What to work on
Each line holding the word "procede" must appear in the answer, copied from the entries.

-*-*-

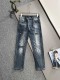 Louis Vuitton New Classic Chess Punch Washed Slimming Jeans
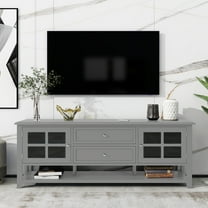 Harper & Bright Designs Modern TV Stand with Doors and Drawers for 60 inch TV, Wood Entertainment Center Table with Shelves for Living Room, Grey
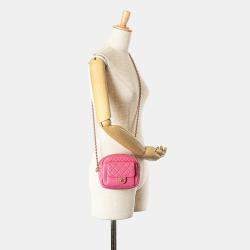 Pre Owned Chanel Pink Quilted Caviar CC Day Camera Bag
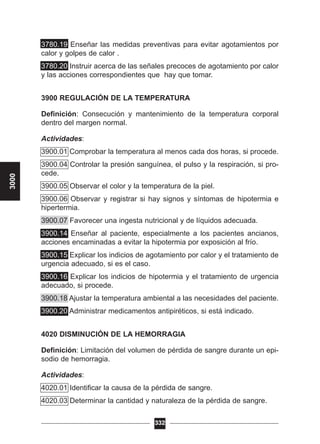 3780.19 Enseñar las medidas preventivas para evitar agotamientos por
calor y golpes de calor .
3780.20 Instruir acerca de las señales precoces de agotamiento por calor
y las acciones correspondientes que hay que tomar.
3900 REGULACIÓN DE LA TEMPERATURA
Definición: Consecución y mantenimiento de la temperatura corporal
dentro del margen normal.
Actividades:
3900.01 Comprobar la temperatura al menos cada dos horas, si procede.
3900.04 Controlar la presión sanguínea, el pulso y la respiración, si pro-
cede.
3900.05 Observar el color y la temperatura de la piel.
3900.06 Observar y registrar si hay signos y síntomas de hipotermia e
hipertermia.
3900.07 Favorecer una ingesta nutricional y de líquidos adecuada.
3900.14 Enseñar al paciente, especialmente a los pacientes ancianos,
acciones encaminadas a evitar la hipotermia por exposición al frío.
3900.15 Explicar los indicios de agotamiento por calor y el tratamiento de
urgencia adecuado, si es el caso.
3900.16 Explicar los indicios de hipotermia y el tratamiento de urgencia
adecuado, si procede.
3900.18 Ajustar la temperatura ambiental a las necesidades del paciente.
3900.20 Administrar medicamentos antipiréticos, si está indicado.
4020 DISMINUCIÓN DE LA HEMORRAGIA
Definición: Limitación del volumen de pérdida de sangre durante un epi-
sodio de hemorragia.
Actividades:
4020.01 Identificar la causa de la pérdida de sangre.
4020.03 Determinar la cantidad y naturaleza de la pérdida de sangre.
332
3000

-*-*-

Solution for this exercise
3900.01 Comprobar la temperatura al menos cada dos horas, si procede.
adecuado, si procede.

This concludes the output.